Caren Morrison

Assistant Professor of Law

Caren Myers Morrison joined the College of Law in 2009.  She teaches Criminal Procedure: Investigations, Criminal Procedure: Adjudication, and Evidence.  Professor Morrison served as an Assistant U.S. Attorney in Eastern District of New York from 2001 to 2006, where she prosecuted international narcotics traffickers and organized crime groups.  Her current research focuses on the impact of electronic information on the criminal justice system.  

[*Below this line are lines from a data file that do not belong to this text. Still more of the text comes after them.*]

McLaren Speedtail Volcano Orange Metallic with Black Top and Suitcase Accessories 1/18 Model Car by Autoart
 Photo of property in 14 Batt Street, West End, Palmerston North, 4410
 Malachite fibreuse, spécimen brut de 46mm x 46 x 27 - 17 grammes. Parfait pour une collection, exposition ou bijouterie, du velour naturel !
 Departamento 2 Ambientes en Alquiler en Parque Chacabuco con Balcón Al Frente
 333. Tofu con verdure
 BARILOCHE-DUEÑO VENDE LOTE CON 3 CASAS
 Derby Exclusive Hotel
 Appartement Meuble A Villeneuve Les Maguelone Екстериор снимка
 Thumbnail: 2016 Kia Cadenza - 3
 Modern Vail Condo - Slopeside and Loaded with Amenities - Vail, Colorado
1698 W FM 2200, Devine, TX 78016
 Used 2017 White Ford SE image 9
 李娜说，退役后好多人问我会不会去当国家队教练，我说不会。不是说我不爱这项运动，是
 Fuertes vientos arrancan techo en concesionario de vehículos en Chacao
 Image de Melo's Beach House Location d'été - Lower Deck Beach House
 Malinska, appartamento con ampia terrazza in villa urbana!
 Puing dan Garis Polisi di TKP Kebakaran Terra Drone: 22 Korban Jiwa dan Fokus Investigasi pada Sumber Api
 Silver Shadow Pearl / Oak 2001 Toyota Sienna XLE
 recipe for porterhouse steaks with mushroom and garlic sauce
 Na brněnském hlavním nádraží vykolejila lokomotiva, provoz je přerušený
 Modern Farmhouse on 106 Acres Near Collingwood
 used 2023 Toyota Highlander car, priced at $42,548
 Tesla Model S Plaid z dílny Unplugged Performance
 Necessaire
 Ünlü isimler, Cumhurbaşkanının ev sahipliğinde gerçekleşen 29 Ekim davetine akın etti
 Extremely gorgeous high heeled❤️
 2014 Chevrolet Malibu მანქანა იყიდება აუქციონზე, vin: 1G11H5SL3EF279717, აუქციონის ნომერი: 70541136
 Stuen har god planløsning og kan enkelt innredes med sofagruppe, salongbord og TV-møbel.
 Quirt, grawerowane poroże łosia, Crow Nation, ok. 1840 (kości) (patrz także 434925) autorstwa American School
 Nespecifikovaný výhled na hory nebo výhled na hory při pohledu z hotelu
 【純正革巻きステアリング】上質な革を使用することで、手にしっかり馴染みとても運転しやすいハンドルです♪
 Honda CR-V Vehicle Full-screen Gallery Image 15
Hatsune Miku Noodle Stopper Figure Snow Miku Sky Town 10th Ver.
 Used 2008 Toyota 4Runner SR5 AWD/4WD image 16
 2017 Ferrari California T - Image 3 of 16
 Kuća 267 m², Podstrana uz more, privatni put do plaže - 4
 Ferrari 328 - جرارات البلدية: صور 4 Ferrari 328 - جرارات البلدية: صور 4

Professor Morrison graduated from Columbia Law School, where she was a James Kent Scholar (1996-97), a Harlan Fiske Stone Scholar (1994-96), and a Notes Editor of the Columbia Law Review.  After graduation, she clerked for the Honorable Eugene H. Nickerson, United States District Court for the Eastern District of New York, and for the Honorable John M. Walker, Jr., United States Court of Appeals for the Second Circuit.  From 2006 to 2009, she was Acting Assistant Professor at New York University School of Law.  Before law school, Professor Morrison trained as a journalist at London's City University and worked as freelance journalist in London for seven years. 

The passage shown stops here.